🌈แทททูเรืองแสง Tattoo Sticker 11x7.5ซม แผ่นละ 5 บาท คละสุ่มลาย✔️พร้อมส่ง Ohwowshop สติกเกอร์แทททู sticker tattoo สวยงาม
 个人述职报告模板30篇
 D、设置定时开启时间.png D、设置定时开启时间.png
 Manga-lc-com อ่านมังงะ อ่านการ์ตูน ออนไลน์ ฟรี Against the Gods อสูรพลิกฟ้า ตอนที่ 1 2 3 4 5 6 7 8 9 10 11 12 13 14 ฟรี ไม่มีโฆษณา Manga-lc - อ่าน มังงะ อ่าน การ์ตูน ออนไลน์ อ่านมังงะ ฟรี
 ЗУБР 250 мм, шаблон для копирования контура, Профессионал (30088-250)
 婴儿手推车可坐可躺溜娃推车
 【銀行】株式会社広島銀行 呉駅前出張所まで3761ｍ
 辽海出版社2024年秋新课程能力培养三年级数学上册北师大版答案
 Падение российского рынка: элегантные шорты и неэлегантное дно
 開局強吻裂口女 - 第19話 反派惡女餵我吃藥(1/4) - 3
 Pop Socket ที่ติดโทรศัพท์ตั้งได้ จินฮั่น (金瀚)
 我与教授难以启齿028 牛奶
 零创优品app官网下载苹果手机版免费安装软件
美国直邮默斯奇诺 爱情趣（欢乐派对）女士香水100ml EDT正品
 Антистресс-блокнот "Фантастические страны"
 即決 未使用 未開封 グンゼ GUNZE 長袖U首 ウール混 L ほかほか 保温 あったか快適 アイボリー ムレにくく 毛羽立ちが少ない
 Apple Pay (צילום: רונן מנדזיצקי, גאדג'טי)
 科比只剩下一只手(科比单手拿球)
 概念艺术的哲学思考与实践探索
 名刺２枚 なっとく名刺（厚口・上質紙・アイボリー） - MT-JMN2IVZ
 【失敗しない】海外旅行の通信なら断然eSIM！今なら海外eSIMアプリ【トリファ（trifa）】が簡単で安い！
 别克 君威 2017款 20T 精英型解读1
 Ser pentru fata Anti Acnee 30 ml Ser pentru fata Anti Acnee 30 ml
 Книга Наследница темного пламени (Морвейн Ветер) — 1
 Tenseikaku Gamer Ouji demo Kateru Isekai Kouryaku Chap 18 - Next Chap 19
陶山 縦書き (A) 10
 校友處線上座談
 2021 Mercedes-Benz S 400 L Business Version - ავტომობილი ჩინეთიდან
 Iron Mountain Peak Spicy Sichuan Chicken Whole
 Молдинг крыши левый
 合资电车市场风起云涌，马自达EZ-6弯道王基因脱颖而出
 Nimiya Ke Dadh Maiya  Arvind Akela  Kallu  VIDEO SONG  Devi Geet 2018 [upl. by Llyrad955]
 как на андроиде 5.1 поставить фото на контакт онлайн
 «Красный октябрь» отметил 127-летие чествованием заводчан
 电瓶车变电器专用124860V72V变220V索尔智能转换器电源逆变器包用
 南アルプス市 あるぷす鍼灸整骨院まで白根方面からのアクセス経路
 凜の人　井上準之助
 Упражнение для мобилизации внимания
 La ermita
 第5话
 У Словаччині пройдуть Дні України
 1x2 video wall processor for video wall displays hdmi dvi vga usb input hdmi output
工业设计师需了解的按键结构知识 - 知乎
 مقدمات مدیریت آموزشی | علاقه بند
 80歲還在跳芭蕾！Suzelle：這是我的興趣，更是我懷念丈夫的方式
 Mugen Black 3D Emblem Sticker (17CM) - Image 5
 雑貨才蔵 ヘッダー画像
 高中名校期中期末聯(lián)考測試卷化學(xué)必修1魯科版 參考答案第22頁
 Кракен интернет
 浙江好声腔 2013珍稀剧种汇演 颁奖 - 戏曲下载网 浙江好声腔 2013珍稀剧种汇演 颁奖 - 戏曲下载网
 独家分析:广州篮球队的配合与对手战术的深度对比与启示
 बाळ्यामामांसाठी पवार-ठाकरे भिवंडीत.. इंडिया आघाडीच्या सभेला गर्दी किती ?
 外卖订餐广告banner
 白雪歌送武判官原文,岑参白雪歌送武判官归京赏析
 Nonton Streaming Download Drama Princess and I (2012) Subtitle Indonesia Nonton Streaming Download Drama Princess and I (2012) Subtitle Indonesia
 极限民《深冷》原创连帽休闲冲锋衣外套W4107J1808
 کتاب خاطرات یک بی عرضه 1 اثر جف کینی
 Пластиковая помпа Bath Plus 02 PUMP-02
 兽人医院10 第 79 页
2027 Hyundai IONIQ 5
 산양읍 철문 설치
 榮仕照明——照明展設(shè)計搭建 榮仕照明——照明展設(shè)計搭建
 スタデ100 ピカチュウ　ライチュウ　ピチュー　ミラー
....
#### PROMPT
Please reproduce all of the entries exactly as they stand.

#### RESPONSE TO THIS TASK
🌈แทททูเรืองแสง Tattoo Sticker 11x7.5ซม แผ่นละ 5 บาท คละสุ่มลาย✔️พร้อมส่ง Ohwowshop สติกเกอร์แทททู sticker tattoo สวยงาม
 个人述职报告模板30篇
 D、设置定时开启时间.png D、设置定时开启时间.png
 Manga-lc-com อ่านมังงะ อ่านการ์ตูน ออนไลน์ ฟรี Against the Gods อสูรพลิกฟ้า ตอนที่ 1 2 3 4 5 6 7 8 9 10 11 12 13 14 ฟรี ไม่มีโฆษณา Manga-lc - อ่าน มังงะ อ่าน การ์ตูน ออนไลน์ อ่านมังงะ ฟรี
 ЗУБР 250 мм, шаблон для копирования контура, Профессионал (30088-250)
 婴儿手推车可坐可躺溜娃推车
 【銀行】株式会社広島銀行 呉駅前出張所まで3761ｍ
 辽海出版社2024年秋新课程能力培养三年级数学上册北师大版答案
 Падение российского рынка: элегантные шорты и неэлегантное дно
 開局強吻裂口女 - 第19話 反派惡女餵我吃藥(1/4) - 3
 Pop Socket ที่ติดโทรศัพท์ตั้งได้ จินฮั่น (金瀚)
 我与教授难以启齿028 牛奶
 零创优品app官网下载苹果手机版免费安装软件
美国直邮默斯奇诺 爱情趣（欢乐派对）女士香水100ml EDT正品
 Антистресс-блокнот "Фантастические страны"
 即決 未使用 未開封 グンゼ GUNZE 長袖U首 ウール混 L ほかほか 保温 あったか快適 アイボリー ムレにくく 毛羽立ちが少ない
 Apple Pay (צילום: רונן מנדזיצקי, גאדג'טי)
 科比只剩下一只手(科比单手拿球)
 概念艺术的哲学思考与实践探索
 名刺２枚 なっとく名刺（厚口・上質紙・アイボリー） - MT-JMN2IVZ
 【失敗しない】海外旅行の通信なら断然eSIM！今なら海外eSIMアプリ【トリファ（trifa）】が簡単で安い！
 别克 君威 2017款 20T 精英型解读1
 Ser pentru fata Anti Acnee 30 ml Ser pentru fata Anti Acnee 30 ml
 Книга Наследница темного пламени (Морвейн Ветер) — 1
 Tenseikaku Gamer Ouji demo Kateru Isekai Kouryaku Chap 18 - Next Chap 19
陶山 縦書き (A) 10
 校友處線上座談
 2021 Mercedes-Benz S 400 L Business Version - ავტომობილი ჩინეთიდან
 Iron Mountain Peak Spicy Sichuan Chicken Whole
 Молдинг крыши левый
 合资电车市场风起云涌，马自达EZ-6弯道王基因脱颖而出
 Nimiya Ke Dadh Maiya  Arvind Akela  Kallu  VIDEO SONG  Devi Geet 2018 [upl. by Llyrad955]
 как на андроиде 5.1 поставить фото на контакт онлайн
 «Красный октябрь» отметил 127-летие чествованием заводчан
 电瓶车变电器专用124860V72V变220V索尔智能转换器电源逆变器包用
 南アルプス市 あるぷす鍼灸整骨院まで白根方面からのアクセス経路
 凜の人　井上準之助
 Упражнение для мобилизации внимания
 La ermita
 第5话
 У Словаччині пройдуть Дні України
 1x2 video wall processor for video wall displays hdmi dvi vga usb input hdmi output
工业设计师需了解的按键结构知识 - 知乎
 مقدمات مدیریت آموزشی | علاقه بند
 80歲還在跳芭蕾！Suzelle：這是我的興趣，更是我懷念丈夫的方式
 Mugen Black 3D Emblem Sticker (17CM) - Image 5
 雑貨才蔵 ヘッダー画像
 高中名校期中期末聯(lián)考測試卷化學(xué)必修1魯科版 參考答案第22頁
 Кракен интернет
 浙江好声腔 2013珍稀剧种汇演 颁奖 - 戏曲下载网 浙江好声腔 2013珍稀剧种汇演 颁奖 - 戏曲下载网
 独家分析:广州篮球队的配合与对手战术的深度对比与启示
 बाळ्यामामांसाठी पवार-ठाकरे भिवंडीत.. इंडिया आघाडीच्या सभेला गर्दी किती ?
 外卖订餐广告banner
 白雪歌送武判官原文,岑参白雪歌送武判官归京赏析
 Nonton Streaming Download Drama Princess and I (2012) Subtitle Indonesia Nonton Streaming Download Drama Princess and I (2012) Subtitle Indonesia
 极限民《深冷》原创连帽休闲冲锋衣外套W4107J1808
 کتاب خاطرات یک بی عرضه 1 اثر جف کینی
 Пластиковая помпа Bath Plus 02 PUMP-02
 兽人医院10 第 79 页
2027 Hyundai IONIQ 5
 산양읍 철문 설치
 榮仕照明——照明展設(shè)計搭建 榮仕照明——照明展設(shè)計搭建
 スタデ100 ピカチュウ　ライチュウ　ピチュー　ミラー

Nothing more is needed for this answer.